Microsoft’s Turing team unveils Turing Bletchley v3, a multilingual vision-language foundation model, used across Microsoft products. This model, the latest in the Turing Bletchley series, understands over 90 languages and enables efficient image search. It takes either an image or a snippet of text as input and outputs a vector, allowing for improved search capabilities across languages.

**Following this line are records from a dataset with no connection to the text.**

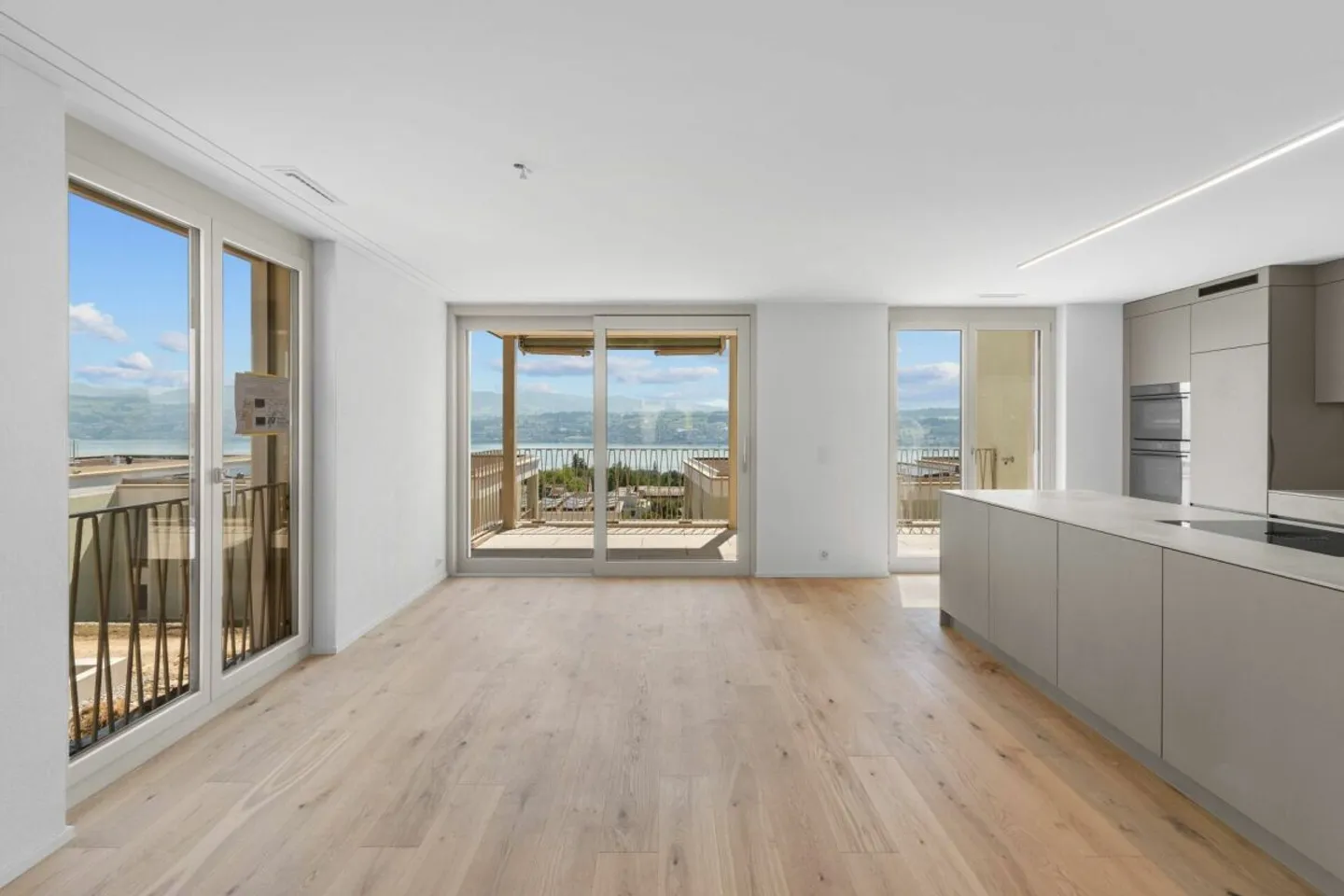 TILIA NOUVEAU | Vivre avec vue sur le lac à 180° - 3.5 pièces avec 111 m2 de surface habitable nette - Prêt à emménager à partir de mi-octobre 2026 - Photo 6 sur 13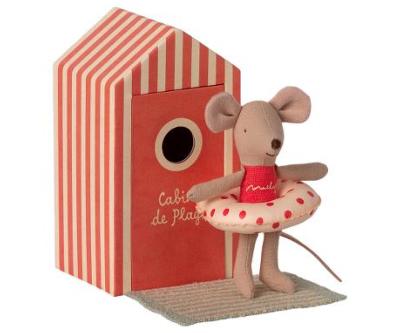 Souris Petite soeur dans cabine de plage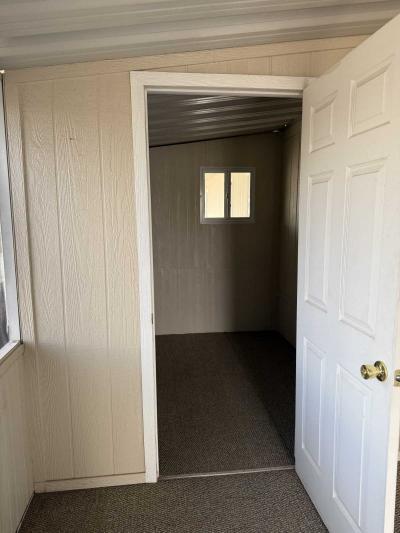 Photo 5 of 28 of home located at 2540 W Curtis Rd #28 Tucson, AZ 85705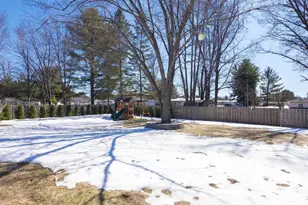 707 Sunset Dr, Redgranite, WI 54970 - Photo 15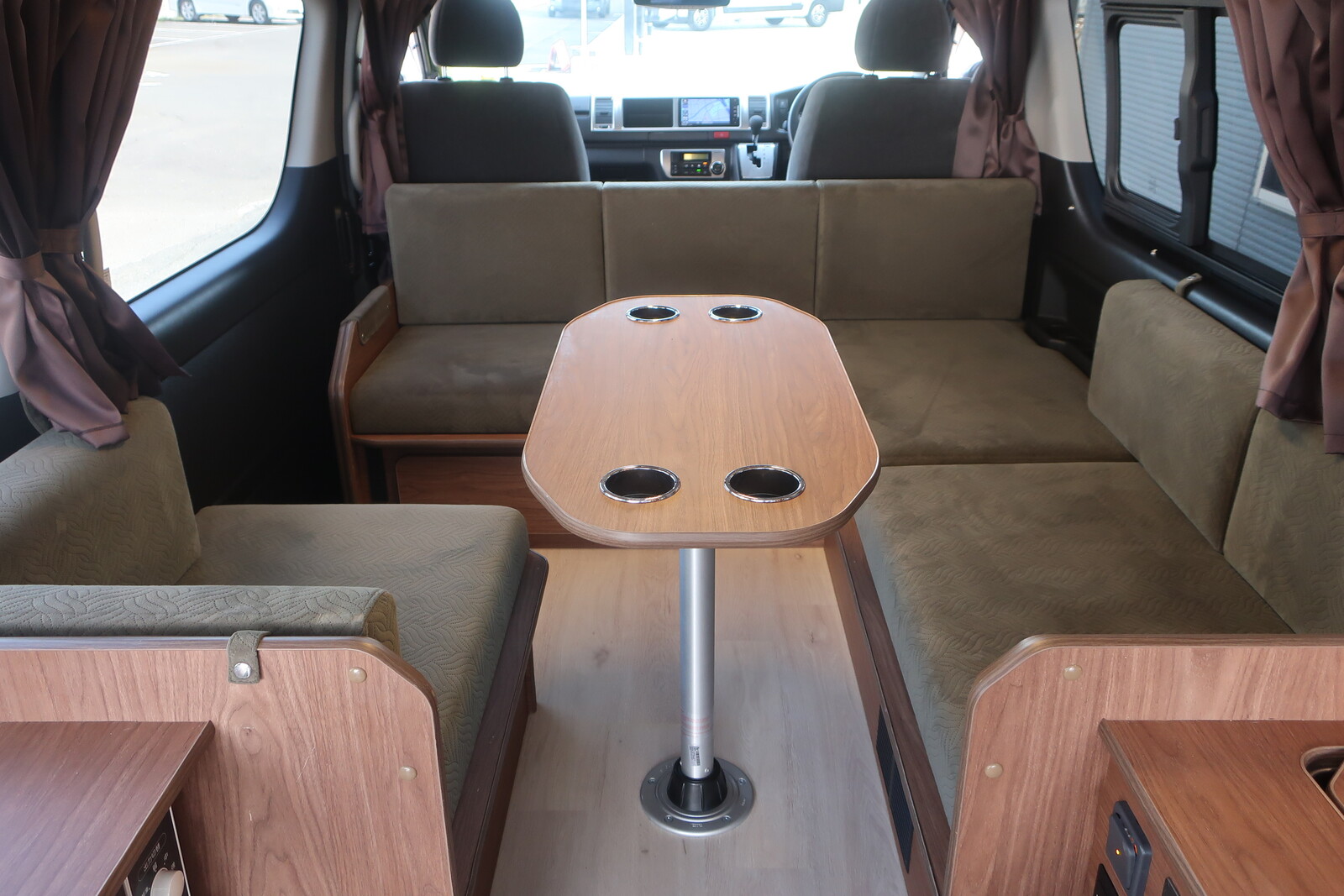 キャンピングカーバンコン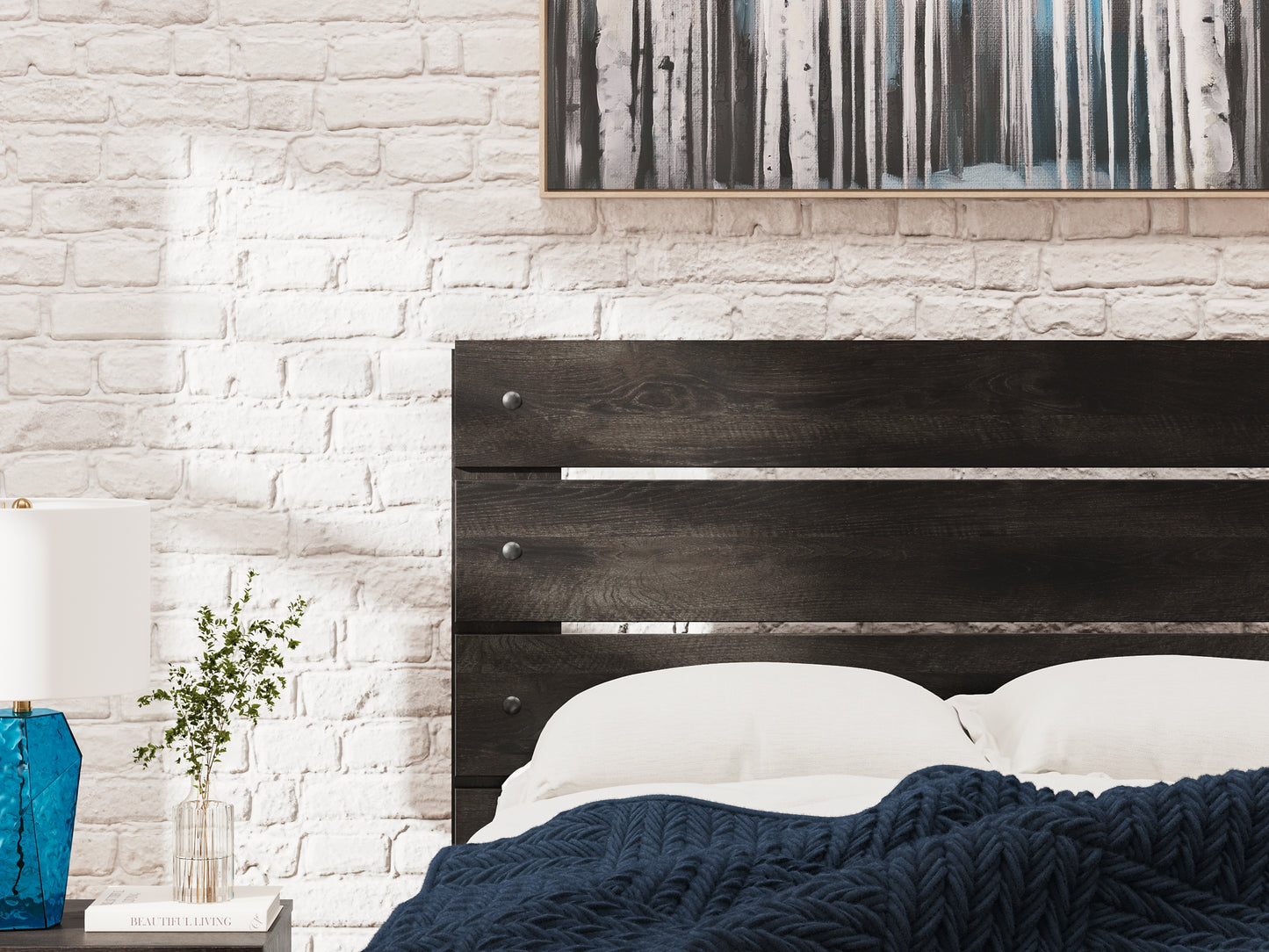 Cama con paneles Hollivern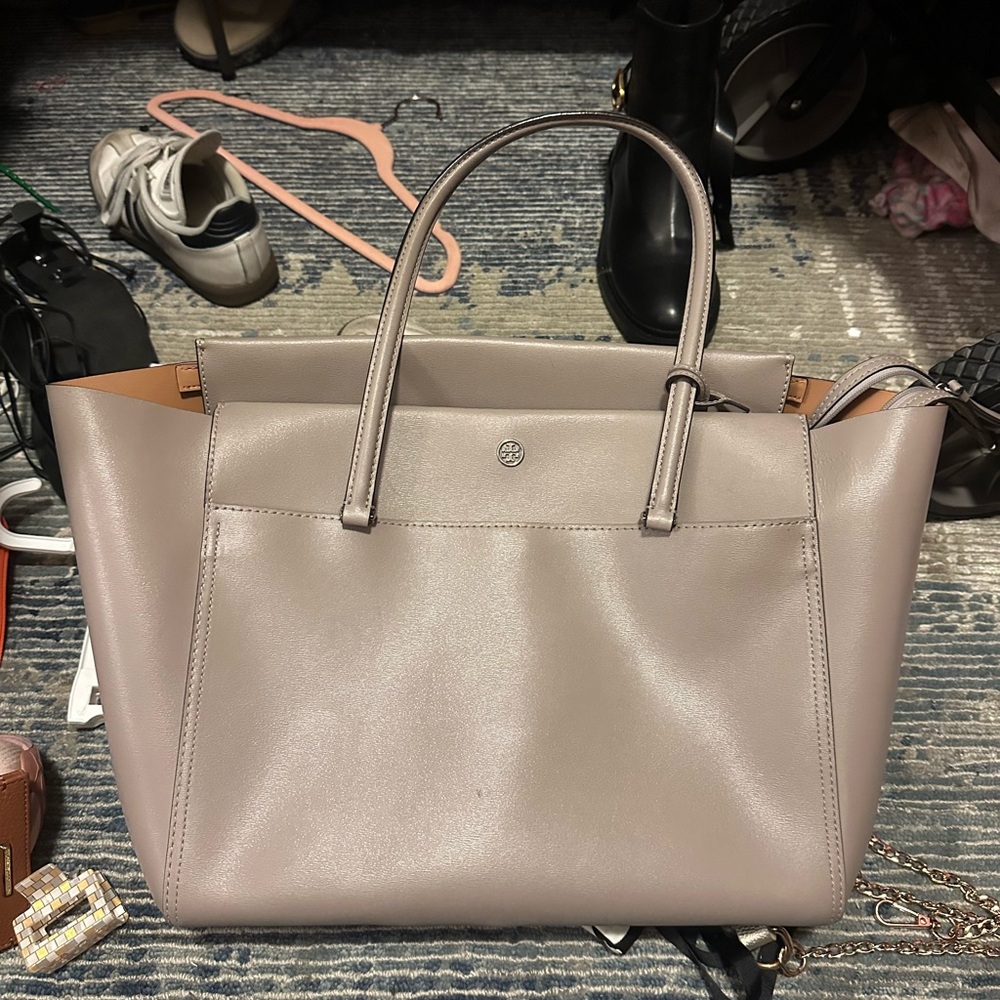 Tory Burch Gray Tote Bag with Structured Design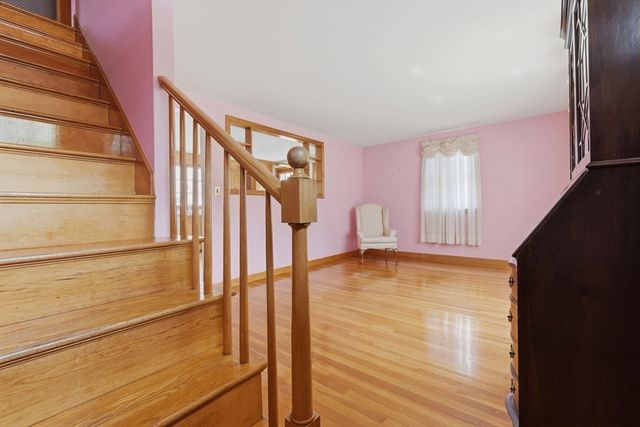 144 Tremont St, Peabody, MA 01960
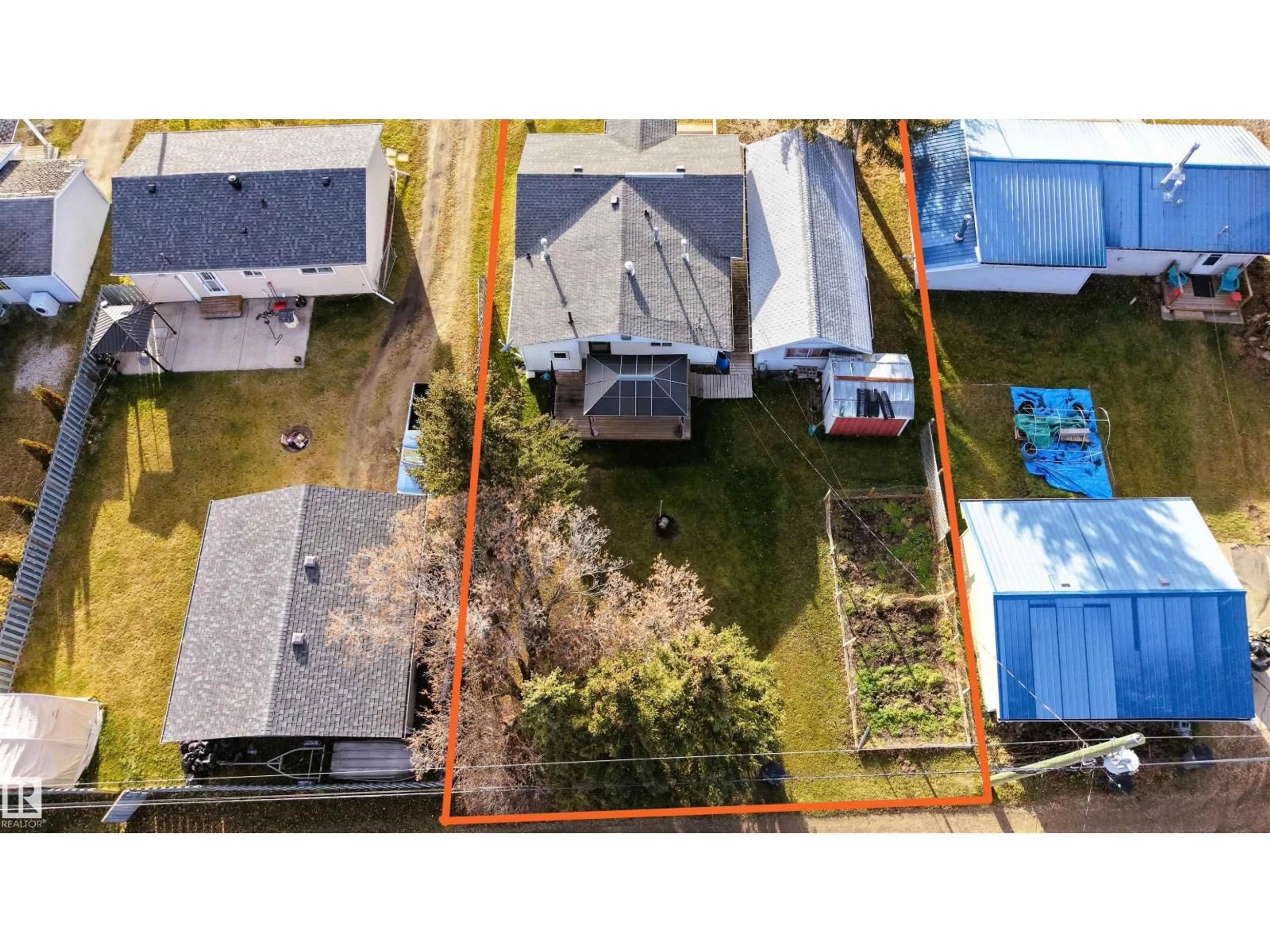 A pic from outside/outdoor area/front of a property/back of a property/a pic from drone, street for 4531 47 ST, Rural Lac Ste. Anne County Alberta T0E0A0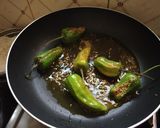A picture of step 4 of Bharwa Mirchi.
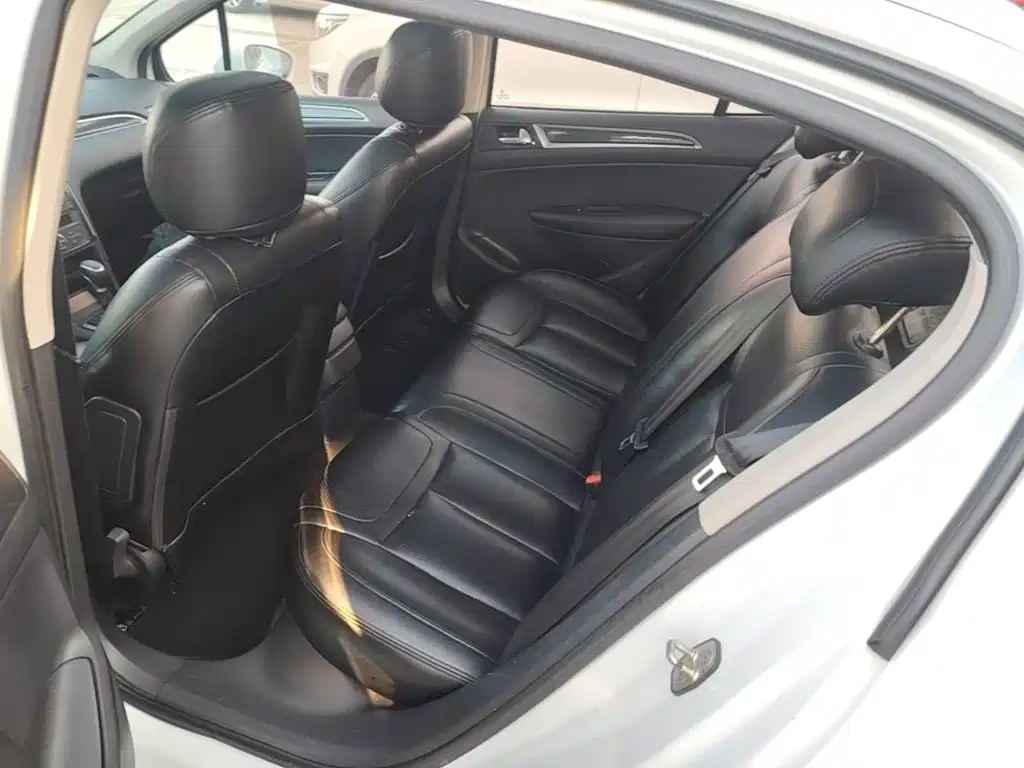 Peugeot 308 — миниатюра 17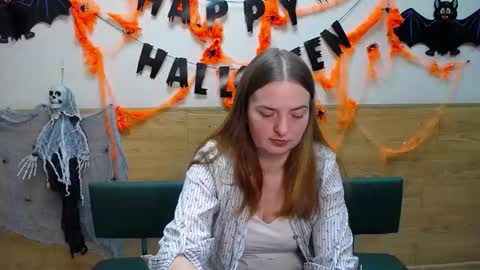 FreyaDak online show from 11-06-25, 06:31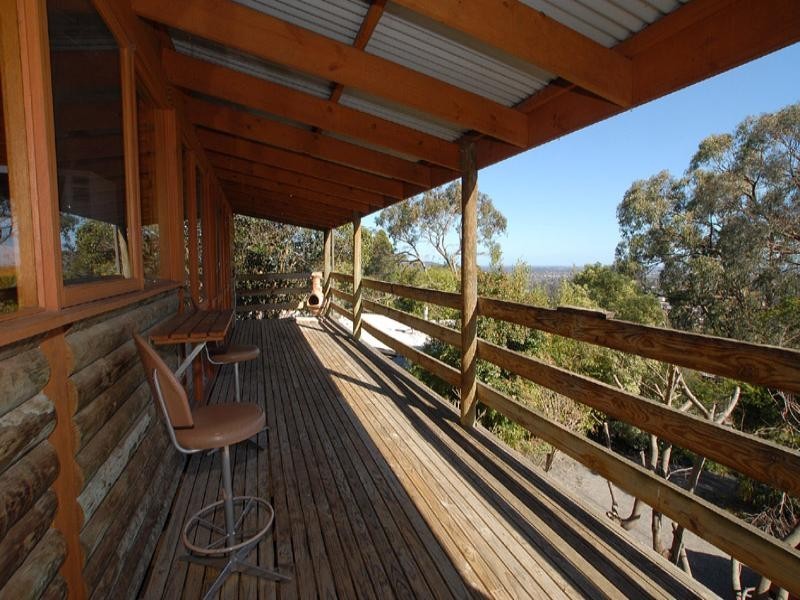 30 Clematis Avenue, Ferntree Gully VIC 3156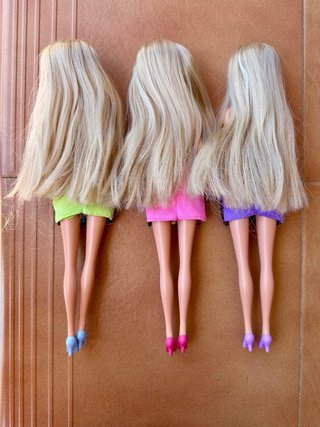 Muñecas estilo Barbie con vestidos brillantes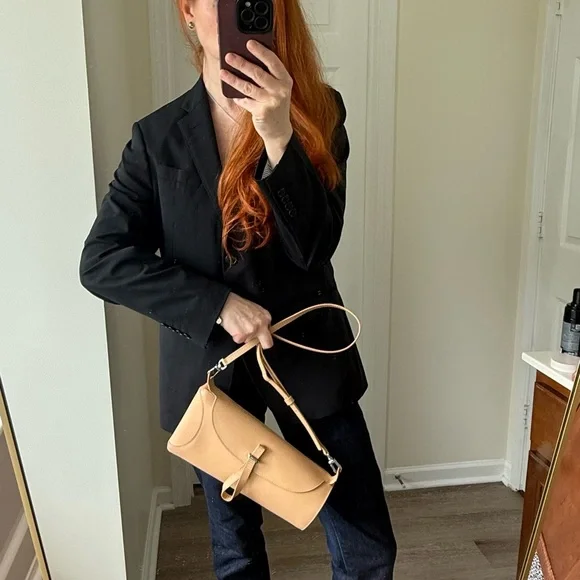 Uniqlo 100% wool Black Blazer Jacket- Exellent for size S-M - Picture 3 of 10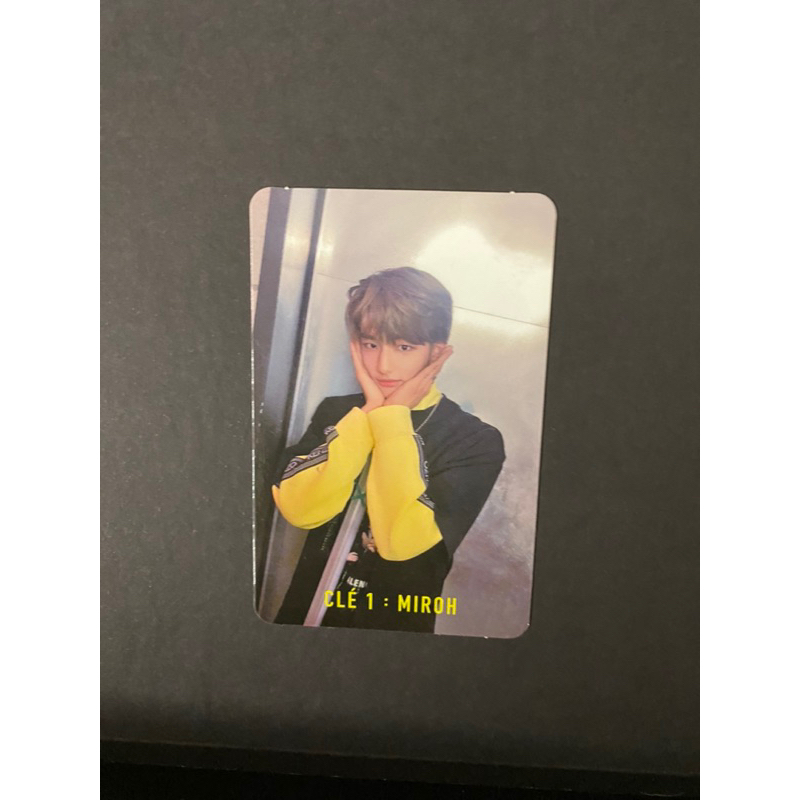 miroh photocard hyunjin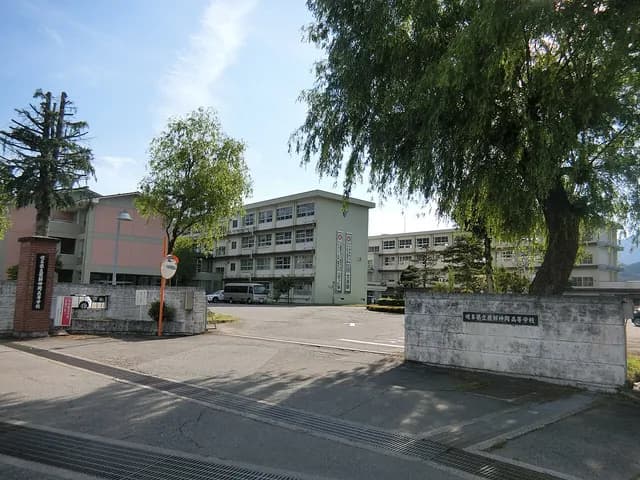 飛騨神岡高校の外観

Introducing Turing Bletchley v3: A Multilingual Vision-Language Foundation Model
The Turing team at Microsoft is thrilled to unveil Turing Bletchley v3, the latest iteration of our multilingual vision-language foundation models. This advanced model, which comprehends over 90 languages, is now integrated into multiple Microsoft products.
What’s New in Turing Bletchley v3
Building on the success of Turing Bletchley v1, the v3 model has seen significant improvements in datasets, modeling, and pretraining. The goal? To enhance search capabilities across languages, making it more performant and accessible.
“Turing Bletchley v3 enables performant image search across more than 90 languages.”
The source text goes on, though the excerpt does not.